Fortifications vary widely in nature depending on the mission and type of unit engaged.


Full-service military hospitals are a fairly recent innovation in military history. Prior to the nineteenth century, military hospitals as we know them today did not exist. Soldiers wounded in combat were treated in the field or in makeshift facilities commandeered near the field of battle. Medical technology at the time was such that most serious wounds were fatal and, accordingly, there was little need for facilities that provided for long-term care and recuperation. Battlefield amputations were one of the most common procedures and were only successful in saving the life of the victim in a limited number of cases.

However, beginning in the nineteenth and twentieth centuries, advances in blood transfusion, anesthesia, antibiotics, and trauma treatment meant that many more soldiers could survive wounds although the treatment time was much longer. Also, advances in the treatment of infectious diseases meant that many more personnel required treatment for non-combat conditions.

All of these conditions, plus an increasing number of personnel with families, have led to the construction of full service military hospitals. These hospitals treat both members of the military and their families.


Military housing includes barracks, UOQs (unescorted or "bachelor" officer quarters), and family housing. The age and condition of these facilities varies widely. A few officer family housing units are very historical in nature and can be quite large and ornate. Most family and UOQ housing is now similar in nature to civilian housing stock. In most advanced countries, barracks housing has been modernized, but remnants of housing from World War II and older periods still remains in the inventory.


“Mess” is the military term for any facility serving food to large groups. Some mess halls in remote locations can be rudimentary, but others in established locations can be similar to modern cafeterias.

Military Intelligence Facilities

These facilities are highly secured. Modern facilities involve intensive use of electronics and computer technology.
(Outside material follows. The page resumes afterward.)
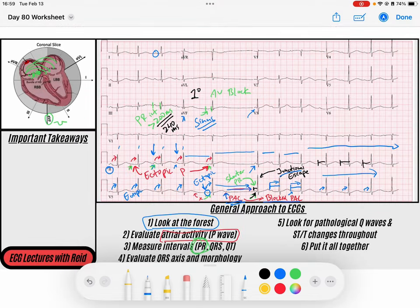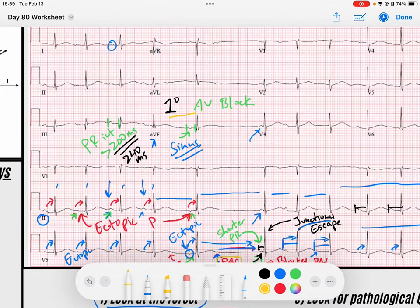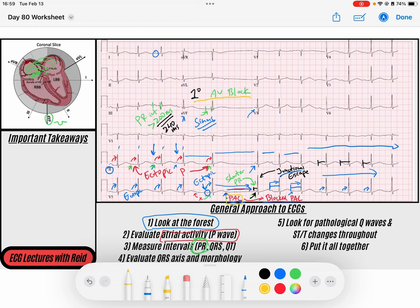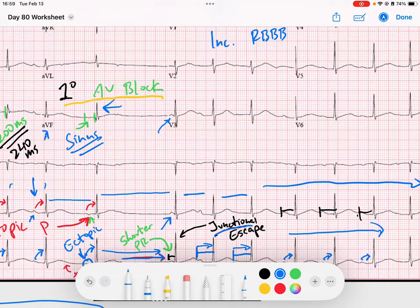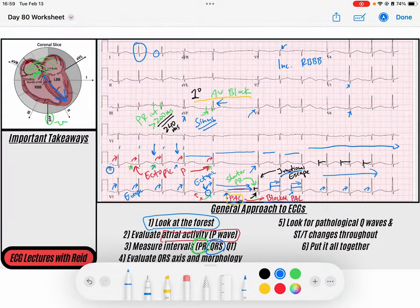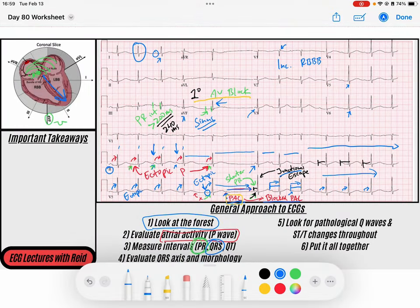This person has a first degree AV block with some PR intervals changing because of decremental conduction. Evaluating our QRS complex: it's upright in lead one and AVF, so the QRS axis is down to the left — normal. There's a little bit of what we'd call an R-prime in V1, but it's still narrow, suggesting an incomplete right bundle branch block. We can also see some slurring of the lateral S waves, which hints at an incomplete right bundle branch block — meaning slightly delayed conduction through the right ventricle.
Because of the role military actions have played in determining world history, military museums are common. They range widely from small facilities memorializing the actions of local units to large, sophisticated facilities devoted to an entire branch of service or entire wars.

POL (Petroleum, Oils, & Lubricants) Storage and Handling Facilities

These facilities are engineered to provide safe storage and handling of petroleum-based materials. Newer facilities include containments to prevent environmental pollution from due to spills.

Recreation Facilities

Recreation facilities for both military personnel and their families. Athletic facilities are common as are officers’ clubs and NCO/enlisted personnel clubs.

Research Facilities

Military organizations conduct extensive research operations and maintain extensive purpose-built research facilities to support those activities.

Training Facilities

Traditional military training facilities focused on physical conditioning and skills training. Newer facilities make extensive use of computer simulations of various kinds to provide more hours or training in more realistic situations at lower cost and with lower risk to personnel. Military academies are devoted entirely to training military officer cadets. Facilities for advanced training of senior officers also exist. Examples include the US Army Command and General Staff College at Ft. Leavenworth, KS.

Utility Structures

Many military installations are large enough to require their own utility systems. Water treatment plants, sewage treatment plants, and electric power generation stations are found on many military installations.

Vehicle Repair, Maintenance, & Storage Facilities

Vehicle repair shops can be very large and built to accommodate large vehicles. Aircraft hangers are some of the largest and most specialized military buildings.

Weapons & Ammunition Production Facilities

Production of ammunition is now largely outsourced to industry contractors. However, facilities such as Sunflower Army Ammunition Plant produced small arms ammunition for the US Military for many years. More exotic facilities such as Rocky Mountain Arsenal (now decommissioned) was the main facility for production of chemical weapons. For a more complete listing see United States Army industrial facilities.